Royalty payments are pursuant to the conditions of sale 

To bring within the mischief of the Rule 9(1)(c) of the Valuation Rules, it has to be established that one of the condition of the sale is payment of royalty. Generally, following conditions are required to be satisfied to allege that royalty payment is the condition of the sale:

· Goods under import is proprietary product

· Proprietary product has to be exclusively procured from the Licensee or his agent

· Proprietary product is essential for the manufacture of licensed product

 Royalty payments should have a direct nexus to the imported goods

What is assessed to the customs duty is goods under import. Therefore, it is essential to establish that there is a nexus between royalty and imported goods. If nexus is not established, value can be loaded under Rule 9(1)(c) of the Valuation Rules.

 Why it is difficult to establish that royalty payment is a condition of sale

 Generally, the IPR holder and the Licensor enter in to a multiple but separate agreements for various activities. Following are the typical agreements:

·  Agreements for supply of know-how

·  Agreement for supply of capital goods from the IPR Holder

·  Agreement for supply of capital goods from the associate entities of the IPR Holder

·  Agreement for erection and commissioning of the plant

·  Agreement for supply of proprietary product from the IPR Holder

·  Agreement for supply of proprietary product from the associate entities of the IPR Holder

·  Agreement for supply of non-proprietary product from the IPR Holder

·  Agreement for supply of non-proprietary product from the associate entities of the IPR Holder

·  Agreement for supply of non-proprietary product from the other entities

·  Agreement for technical training of the staff

In plethora of these various contracts entered at different dates, the obligation for payment of royalty will be in only one agreement i.e.
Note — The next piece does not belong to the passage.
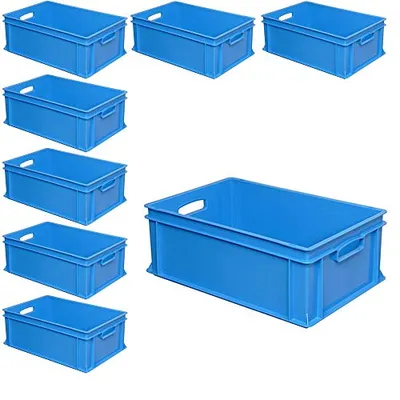 Produktbild von 8 Eurobehälter mit 2 Durchfassgriffen, LxBxH 600x400x220 mm, 43 Liter, PE-HD, blau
Agreements for supply of know-how. Therefore, it is always difficult to establish that royalty payment is one of the conditions of sale of capital goods/components/raw material. In the case of UOI vs Mahindra & Mahindra Ltd 1995 -TMI - 43961 - (SUPREME COURT OF INDIA), the Apex Court held that ordinarily the Court should proceed on the basis that the apparent tenor of the agreements reflect the real state of affairs. Therefore, it is all the more difficult  for the Customs to load value in absence of an explicit condition in the agreement.